China’s move up the value chain and the relocation of low-end manufacturing to lower-cost countries will continue to create opportunities and support strong economic growth in some of Asia’s “frontier” emerging markets including India, according to Fitch Ratings.
The countries best-placed to take advantage over the next few decades will be those offering workable business environments and relative macroeconomic and political stability to complement low wages, strong demographics and geographical advantages, it said in a report released on Tuesday.
The average Chinese manufacturing wage is now higher than in Asia’s other major emerging economies, including India, it said. Finding cheap labour in China is only likely to become harder, with urbanisation rates already high and the working-age population set to shrink by 0.4% a year on average over 2015-2035.

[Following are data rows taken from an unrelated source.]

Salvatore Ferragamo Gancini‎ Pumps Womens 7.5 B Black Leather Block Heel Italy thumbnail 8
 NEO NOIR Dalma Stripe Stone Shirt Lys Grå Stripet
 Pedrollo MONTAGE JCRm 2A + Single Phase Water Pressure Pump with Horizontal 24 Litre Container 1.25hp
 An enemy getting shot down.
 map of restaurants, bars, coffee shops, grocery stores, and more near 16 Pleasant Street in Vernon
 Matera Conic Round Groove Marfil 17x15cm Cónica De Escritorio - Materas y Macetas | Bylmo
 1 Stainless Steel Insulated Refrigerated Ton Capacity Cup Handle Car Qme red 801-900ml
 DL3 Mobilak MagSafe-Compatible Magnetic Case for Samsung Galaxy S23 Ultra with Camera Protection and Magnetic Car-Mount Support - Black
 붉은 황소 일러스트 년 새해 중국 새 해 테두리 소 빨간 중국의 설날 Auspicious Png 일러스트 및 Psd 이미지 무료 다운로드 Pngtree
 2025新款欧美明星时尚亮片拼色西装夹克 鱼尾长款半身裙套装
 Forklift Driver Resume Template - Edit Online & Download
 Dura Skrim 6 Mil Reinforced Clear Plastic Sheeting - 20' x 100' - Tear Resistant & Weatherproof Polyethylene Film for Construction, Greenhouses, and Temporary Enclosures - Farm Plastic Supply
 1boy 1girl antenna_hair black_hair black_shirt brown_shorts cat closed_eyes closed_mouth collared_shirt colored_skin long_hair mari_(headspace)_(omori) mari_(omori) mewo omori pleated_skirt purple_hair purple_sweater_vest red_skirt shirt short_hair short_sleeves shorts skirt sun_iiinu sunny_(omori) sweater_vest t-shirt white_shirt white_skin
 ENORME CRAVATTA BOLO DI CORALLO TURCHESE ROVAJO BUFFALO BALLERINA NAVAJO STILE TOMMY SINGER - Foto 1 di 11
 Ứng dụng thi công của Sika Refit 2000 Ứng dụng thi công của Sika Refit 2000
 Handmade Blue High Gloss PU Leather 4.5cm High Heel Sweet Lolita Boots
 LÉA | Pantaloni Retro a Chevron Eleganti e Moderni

A significant drop in China’s low-end manufacturing over the coming decades would leave a large gap for lower-cost countries to exploit. China’s global share of exports of clothing, footwear and furniture is still almost 40%, up from 34% in 2010, and only peaked in 2014, according to UN Comtrade.
The decline now appears to be gathering momentum — China’s exports of these labour-intensive goods fell by 10% in U.S. dollar terms in 2016, Fitch said. Bangladesh and Vietnam already have strong footholds in these sectors — together they accounted for 8% of global clothing, footwear and furniture exports in 2015, up from 3% in 2010, it added.